I’ve only been to the President’s Rock Club thrice, and I can already say this venue has seen a lot of hilarious shit go down between patrons who are too drunk to care that they’re too crazy to be allowed outside. And Quincy is such a sketchy (read: down-to-earth) place that one could (and did) spark up a fat blunt in front of the door. I met with Rob Williams, (in)famous for his drum talents in foundational Weymouth fastcore crew Siege (83-85), who is almost entirely insane and will forever remain in my mind the guy who was swinging like an enraged welterweight during Fistula, but is still a good guy at heart. The fact that he introduces himself to this day as “the drummer of Siege” was strangely heartwarming to me.
Now may be a great time to mention that aside from The Confrontation, there was no other band that I had heard anything from that I had enjoyed. Fistula were surprisingly okay, but since local sludge bands aren’t normally my bag (sorry, Grief), I just had to make do and bear, and also avoid being moshed upon. They were kind enough, however, to follow Buzzov*en‘s example and throw in some fast hardcore sections, so it was like a calming salve on a festering heroin needle wound. Drugs, haha. Their singer’s definitely on a few.
So the main reason why I showed up was Eyehategod, and understandably, just about the entire audience was fucked up in some way shape or form. It was painfully apparent who wasn’t by a complex equation factoring in how close they were standing to the band and how bored they still managed to look even though they were knee deep in ignorance. Mike Williams‘ first words to the crowd were, and I quote: “I’m fuckin’ loaded”.
A.A. isn’t for everyone, see. So after making it plain that he hated the fact that there was “football on the thing” (a crowd member said Eyehatesports, ha), the band revved up the trademark ear-piercing feedback that whines miserably with the genre, and instantly a pit formed. Several minutes of this passed, and though pictures fail to capture how Mike Williams truly appeared before the crowd, it was highly evocative of the image of a voodoo swamp priest on the outskirts of their hometown of NOLA, mixing up a foul concoction of critters and apothecarial evils, awash in his own filth and spilled vodka, preparing for a ritual of bloodletting, sexual deviancy, and foul language.

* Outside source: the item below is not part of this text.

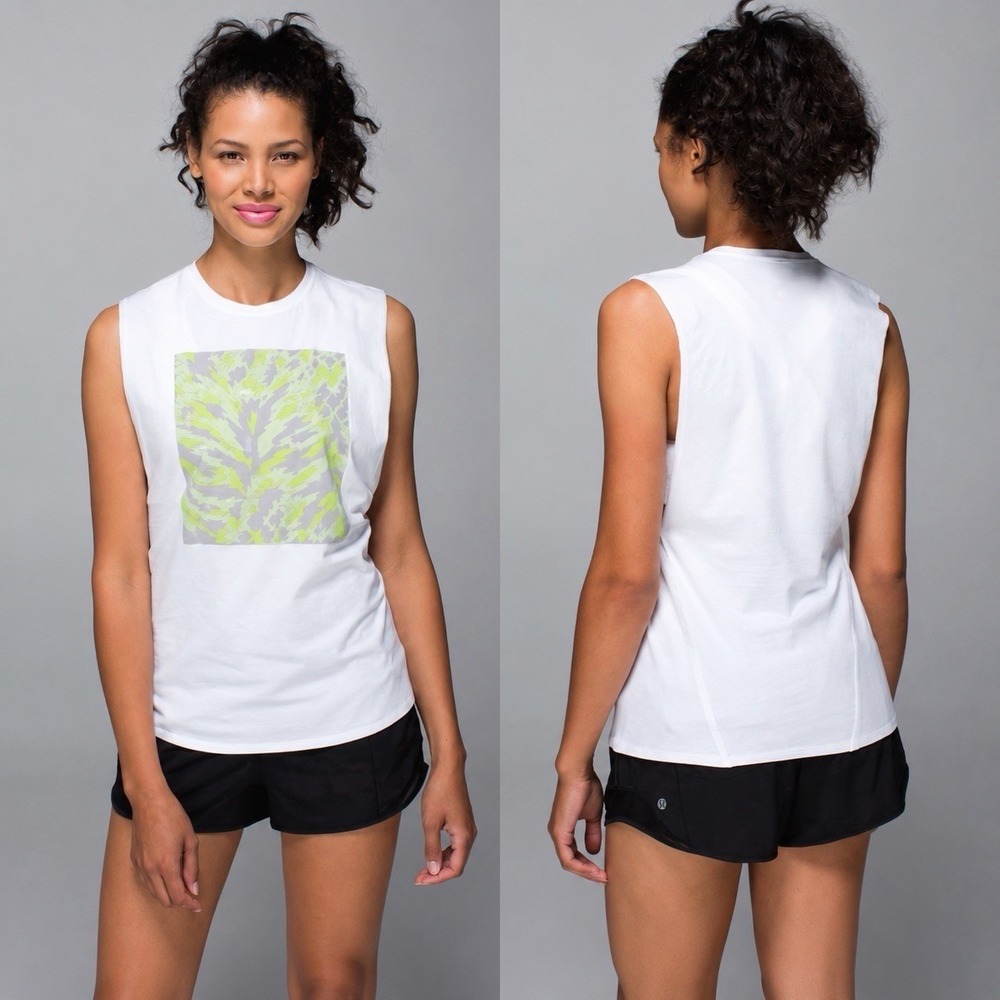 Lululemon Muscle Tank Top Womens 6 White Sleeveless Graphic Yoga Weight Lifting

Joey LaCaze (R.I.C.) should have been here to witness this spectacle of brutality and scoffed in the face of sobriety with a building full of people who reconstituted liquor for blood. I mean, that was probably just an average day of being in the band, but still, it’s nice to do it with strangers too.
Oh, how beautiful the words ‘White Nigger’ sounded on Williams’ foul tongue, and how frighteningly evil the guitars crunched and trudged through murky breakdowns and soggy blues-made-metal riffs, as the bass intros for ‘Shop Lift’, the ‘Sister Fucker’ duology, ‘Dixie Whiskey’, and a lot of other steaming, similarly fetid and feral creations for people who hate music with an ear for music sometimes. If the Melvins were Satanic instead of silly, this would be them. All that separates us from becoming animals is a thin veil of strong, cheap alcohol, recreational drugs, boredom, and ‘Six Pack’ by Black Flag.
Josh from Anal Cunt, however, has no such boundaries to keep himself from punching people in the head on slight provocation by a fellow degenerate (this being Mike IX himself), and I was (un)lucky enough to see this. From the creeping slums of Revere to the sickened wastes of Quincy, hang yourself. Eyehategod doesn’t care about your birthday.